Start by proptesting your pure functions, subroutines that have no side effects and execute quickly. If you're coding in an OO style, start by synthesizing some small model objects and exercising their methods.

# Item 9: Test data round-trips

One of the easiest places to start with proptests is to identify places in your system where one piece of information can move across some boundary and back. For example, you have a have a data structure for an network protocol that can be used in both requests and responses. Start by generating the data, then transform it to the external form, transform it back, and check that the original data is equal to the result of the round-trip.

This sounds so simple as to be useless; it's not. Lossless encoding/decoding is a very important property of many system components, and if you haven't tested it, you probably don't have it.

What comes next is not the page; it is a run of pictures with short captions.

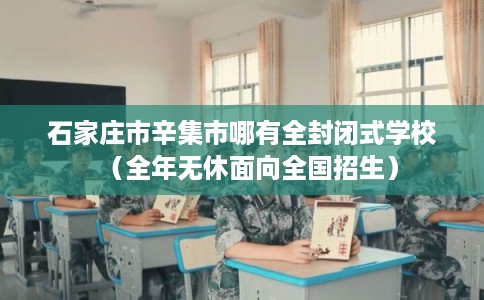 石家庄市辛集市哪有全封闭式学校(全年无休面向全国招生) 石家庄市辛集市哪有全封闭式学校(全年无休面向全国招生)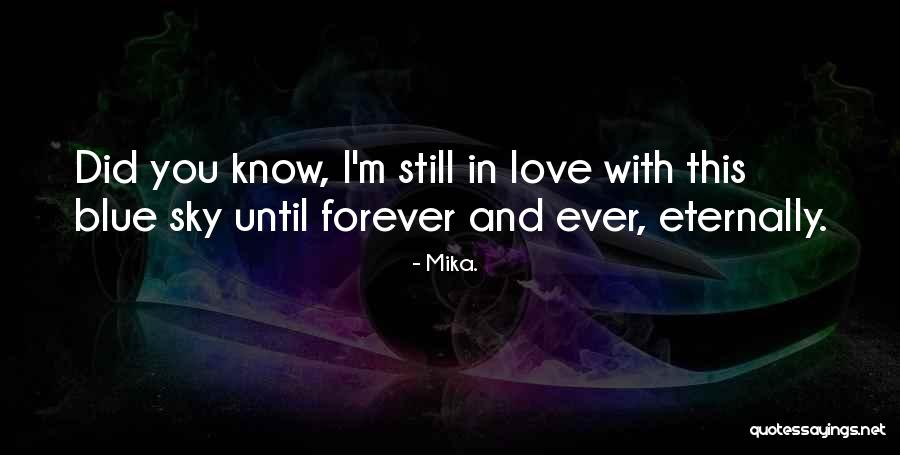 Mika. Quotes 903517 Mika. Quotes 903517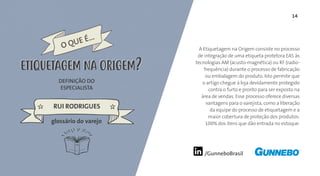 14
/GunneboBrasil
A Etiquetagem na Origem consiste no processo
de integração de uma etiqueta protetora EAS às
tecnologias AM (acusto-magnética) ou RF (radio-
frequência) durante o processo de fabricação
ou embalagem do produto. Isto permite que
o artigo chegue à loja devidamente protegido
contra o furto e pronto para ser exposto na
área de vendas. Esse processo oferece diversas
vantagens para o varejista, como a liberação
da equipe do processo de etiquetagem e a
maior cobertura de proteção dos produtos:
100% dos itens que dão entrada no estoque.
DEFINIÇÃO DO
ESPECIALISTA
RUI RODRIGUES
O QUE É...
ETIQUETAGEM NA ORIGEM
glossário do varejo
ETIQUETAGEM NA ORIGEM
 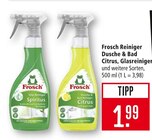 Reiniger Dusche & Bad Citrus Angebote von Frosch bei Marktkauf Lörrach für 1,99 €
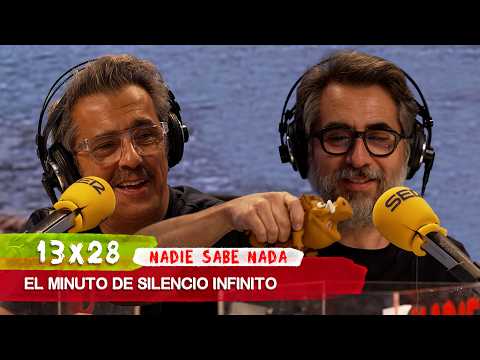 NADIE SABE NADA 13x28 | El minuto de silencio infinito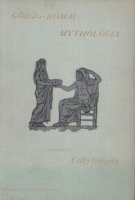Csiky Gergely (összeáll.) : Görög-római mythologia
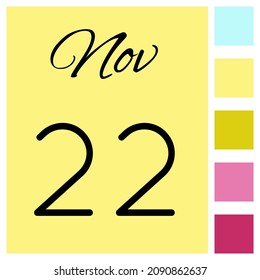 22 day of the month. November. Cute calendar daily icon. Date day week Sunday, Monday, Tuesday, Wednesday, Thursday, Friday, Saturday.
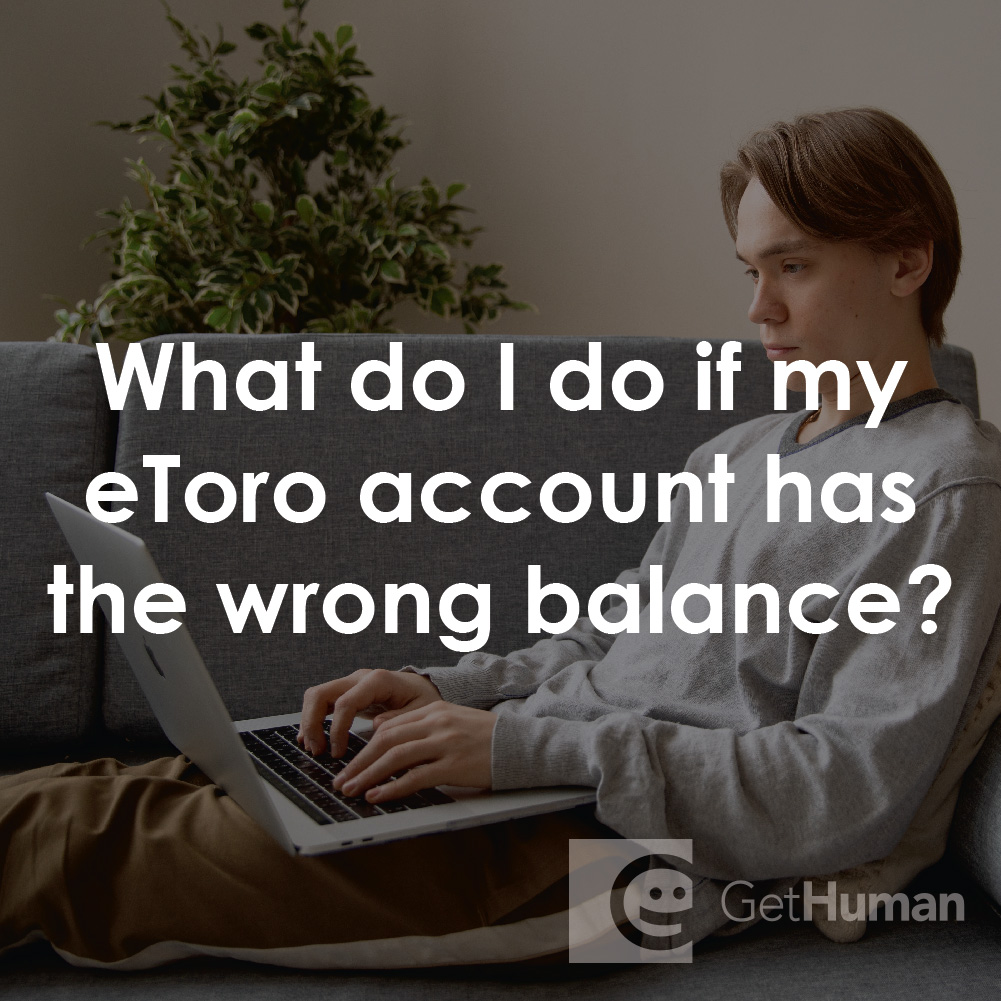 What Do I Do If My eToro Account Has the Wrong Balance?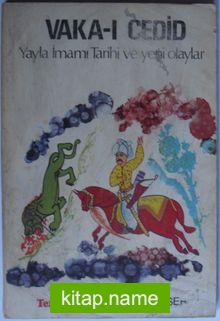 Vaka-ı Cedid Yayla İmamı Tarihi ve Yeni Olaylar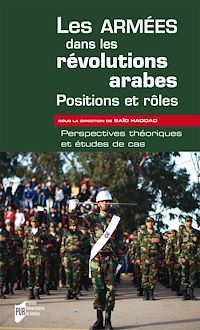 Télécharger le livre :  Les armées dans les révolutions arabes : positions et rôles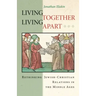 Living Together, Living Apart: Rethinking Jewish-Christian Relations in the Middle Ages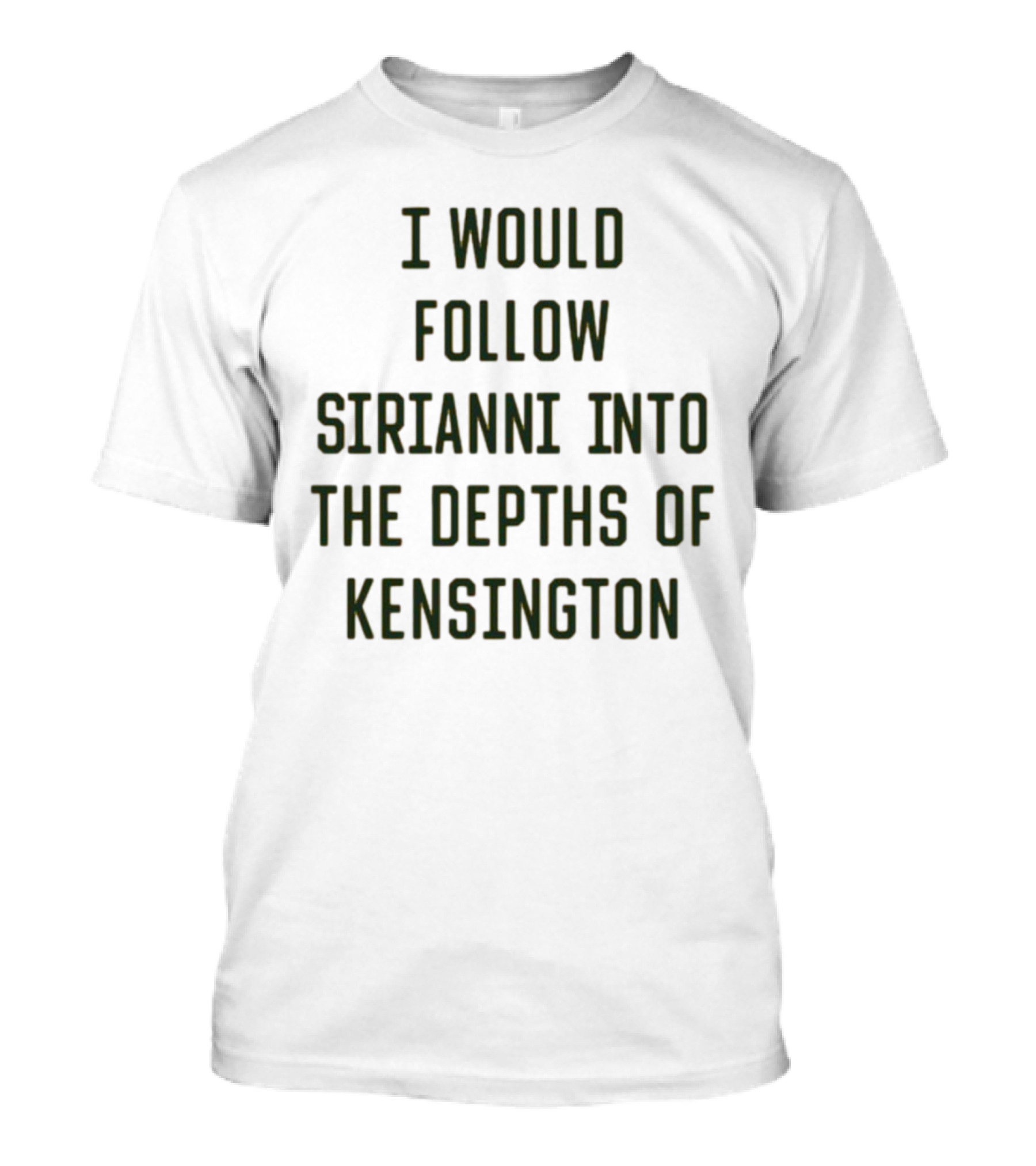 I Would Follow Sirianni Into The Depths Of Kensington T-Shirt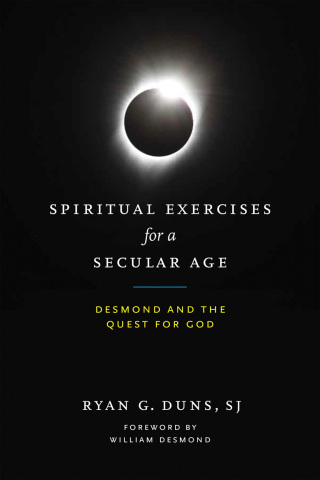 Cover image: Spiritual Exercises for a Secular Age 1st edition 9780268108137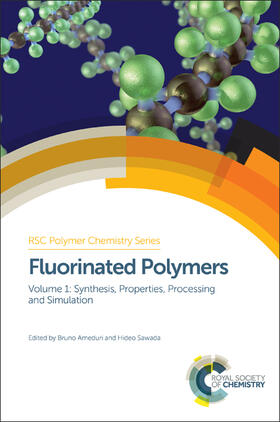 Améduri / Ameduri / Sawada |  Fluorinated Polymers | Buch |  Sack Fachmedien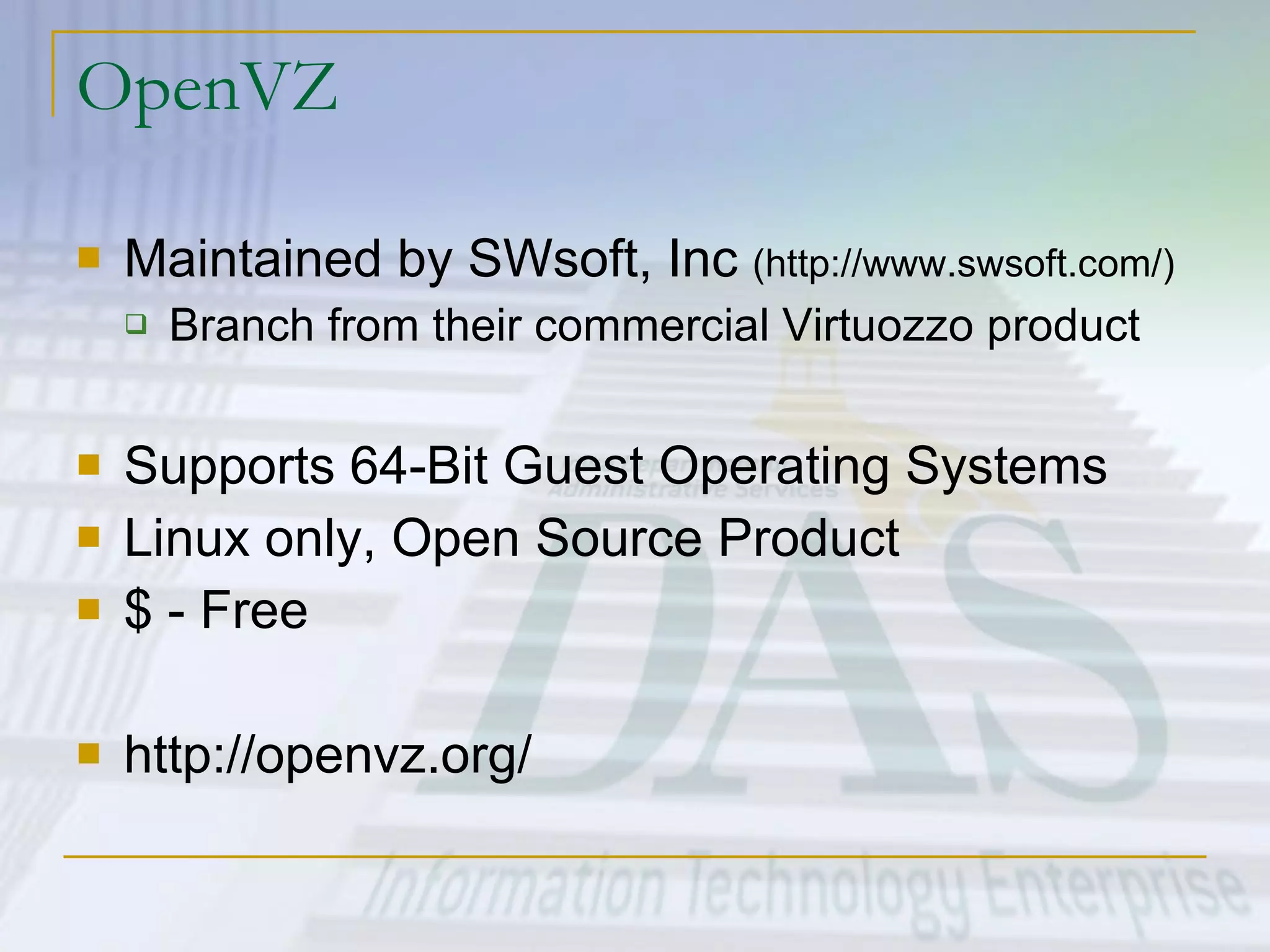 OpenVZ Maintained by SWsoft, Inc  (http://www.swsoft.com/) Branch from their commercial Virtuozzo product Supports 64-Bit Guest Operating Systems Linux only, Open Source Product $ - Free http://openvz.org/ 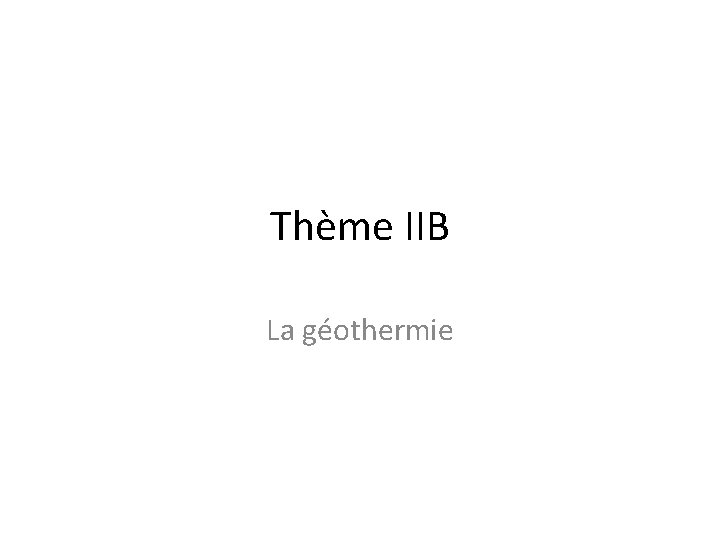 Thème IIB La géothermie 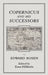 Copernicus and His Successors by Edward Rosen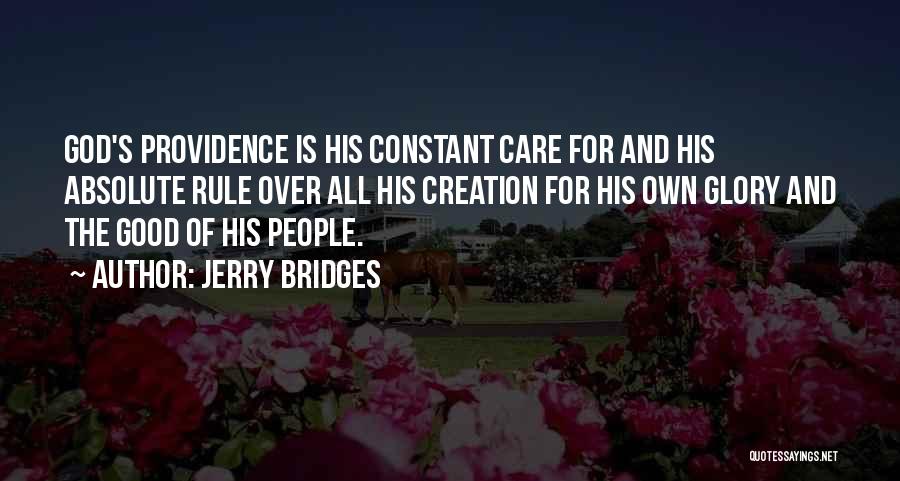 Jerry Bridges Quotes: God's Providence Is His Constant Care For And His Absolute Rule Over All His Creation For His Own Glory And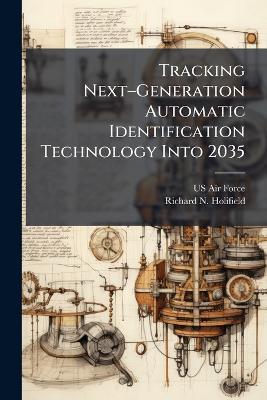 Tracking Nextâ"Generation Automatic Identification Technology Into 2035 - Richard N Holifield - cover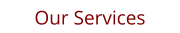 Our Services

Other places to look for round-trip testing opportunities include database storage and configuration files.

# Item 10: Test the "It doesn't crash" property

If you can't think of what properties you should check, "it doesn't crash" is totally legit. In a language with exceptions, you'll be shocked at what starts bubbling up when your proptests start synthesizing interesting edge cases.

# Item 11: Test system boundaries

When you think about the structure of your system, you can probably identify some important boundaries in it. Maybe they are module boundaries, microservice APIs, or an important plugin interface. Regardless of the technology, you have some API in your system with an out-sized impact on everything else, whose correctness has a large impact on everything.

Find these boundaries and proptest them; pay particular attention to the properties of the implementation which cannot be specified in the type signature or whatever IDL you're using.

# Item 12: Test the whole system

If you have acceptance tests, see if you can convert some of them to proptests. Using Data Tables in Cucumber or similar example-based testing is a good sign that you might have some proptests hidden in there that want to get out.

# Item 13: Consider disabling shrinking

Automatic shrinking is one of the great victories of property-based testing. When it works, it's magical. It's at its best when you're testing something that can execute really fast, like a relatively small purely-functional part of your system.

As you start to bring your proptests up a level or two and test larger pieces of your system, you'll find that shrinking takes a REALLY long time. This is a function of cycle time; how long it takes to run a single cycle of your test. If it takes 1 millisecond, everything's fine, but if it takes 1 second, you'll have a bad time. In cases like this, I've found it best to simply disable shrinking in the proptest framework; manual inspection of generated data which triggered the failures can just be faster sometimes.

# Conclusion

Software correctness is a tricky thing. In many circles, the prevailing value system emphasizes things like agility, convenience, and expressiveness. Others care deeply about process and specification. To me, proptests fall right in the middle of that spectrum. They're very practical and pretty easy to create once you've got the hang of it. But they also help you think of your system in a more 'formal' way, broadly considering its invariants over the domains you specify. This is the same way you'll need to think of your system as you move to more formal modes of analysis.

I hope you find some places to proptest your code. The world has too much broken software, and this is a way you can make yours better.